◆ Task directions
The answer is the data below, repeated exactly, with no pictures included.
[[ Supplied data, beginning ]]
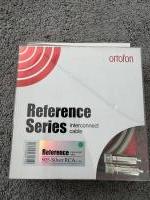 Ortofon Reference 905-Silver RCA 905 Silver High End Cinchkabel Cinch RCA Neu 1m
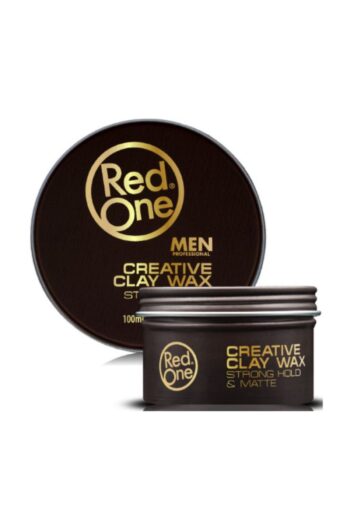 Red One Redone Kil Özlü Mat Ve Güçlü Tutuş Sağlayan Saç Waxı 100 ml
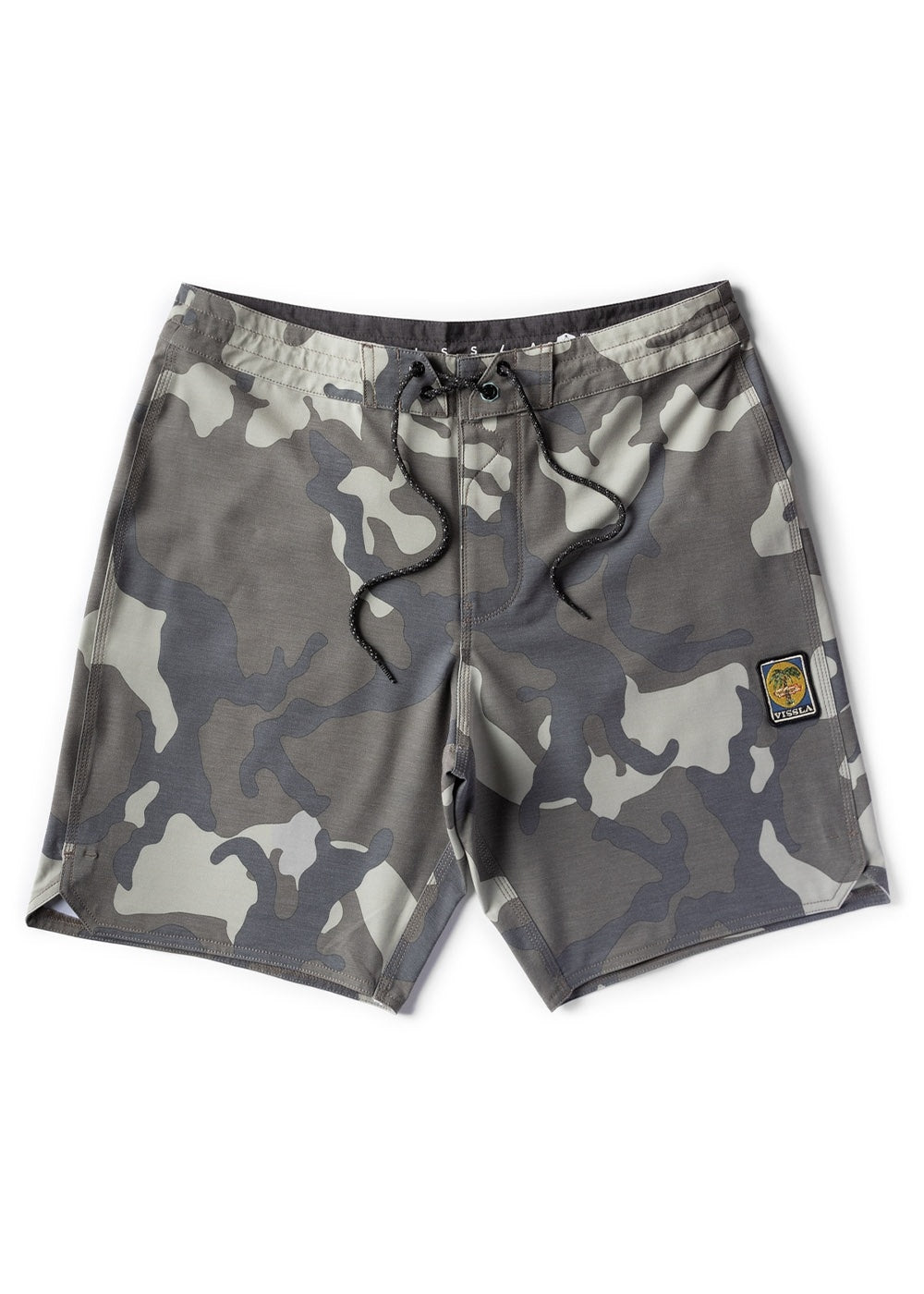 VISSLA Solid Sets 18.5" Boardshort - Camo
[[ Supplied data, end ]]
◆ Finished task
 Ortofon Reference 905-Silver RCA 905 Silver High End Cinchkabel Cinch RCA Neu 1m
 Red One Redone Kil Özlü Mat Ve Güçlü Tutuş Sağlayan Saç Waxı 100 ml
 VISSLA Solid Sets 18.5" Boardshort - Camo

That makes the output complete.